In the span of just six short hours, I was able to not only meet Dr. Stuart Sovatsky ’71 in his office in Richmond, Calif. over spring break, but I was also able to learn about the very unique practice that is yogic counseling. Essentially, he focuses on unifying marriage and relationship counseling with the traditional meditative practices of Yoga. This particular melding struck my fancy because I have personally studied these two topics separately, but have never encountered them together before. He even played his shruti, a wooden box emitting a droning sound that evokes a sense of calmness and peace within oneself. I felt its effects fully and powerfully; it was truly an eye-opening and relaxing experience.
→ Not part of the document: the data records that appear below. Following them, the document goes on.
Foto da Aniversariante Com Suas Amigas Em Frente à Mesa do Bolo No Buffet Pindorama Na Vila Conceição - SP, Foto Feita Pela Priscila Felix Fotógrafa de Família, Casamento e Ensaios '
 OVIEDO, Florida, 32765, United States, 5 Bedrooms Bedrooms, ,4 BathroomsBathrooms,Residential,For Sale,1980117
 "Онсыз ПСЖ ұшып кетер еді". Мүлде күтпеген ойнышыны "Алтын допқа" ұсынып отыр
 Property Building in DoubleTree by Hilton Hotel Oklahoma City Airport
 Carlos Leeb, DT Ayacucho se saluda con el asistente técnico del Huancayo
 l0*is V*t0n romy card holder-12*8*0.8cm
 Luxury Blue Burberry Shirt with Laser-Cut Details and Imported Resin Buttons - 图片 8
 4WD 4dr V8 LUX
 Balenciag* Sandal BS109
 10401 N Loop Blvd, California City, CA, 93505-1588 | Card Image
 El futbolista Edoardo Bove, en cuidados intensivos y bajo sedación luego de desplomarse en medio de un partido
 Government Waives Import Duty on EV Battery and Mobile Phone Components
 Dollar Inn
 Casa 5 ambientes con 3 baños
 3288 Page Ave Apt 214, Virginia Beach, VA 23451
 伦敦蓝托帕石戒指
For the first half of my time there, Stuart and I simply sat face-to-face, as he would with his clients, and chatted about both the spiritual Yoga that he has researched and published on, as well as the psychology side of his practice (that I was far more familiar with). I got to hear about some incredible experiences he had across the world, such as Slovenia, lecturing with the vast amounts of research he has conducted on Yoga practices. I also got to hear some monumental events throughout his lifetime, such as the impacts he has left on people’s relationships and lives.
In the second half, I had the opportunity to meet a couple that had been seeing him for several years already. They told me about the painstaking experiences over time that it took for them to achieve the bliss and love that they felt between each other today, and then were kind enough to answer the questions I had thereafter. I was also able to meet one of the interns that works under him, and observed the different career paths I could possibly take in order to achieve my personal ends in working in the field of psychology. Overall, the hands-on experience from today was not something that I had fully anticipated but nonetheless appreciated to the fullest.
From this Princeternship, I not only learned new skills, but developed preexisting ones from areas that I’d previously studied, and was able to explore miscellaneous career path interests in the process. I am so grateful to Dr. Sovatsky for taking time out of his busy schedule to meet with me for this rare opportunity. This Princeternship has left a very positive impact on the rest of my time at Princeton, and hopefully beyond my collegiate career as well. I’d certainly recommend it to anyone considering clinical psychology as a possible field in which to study in the future.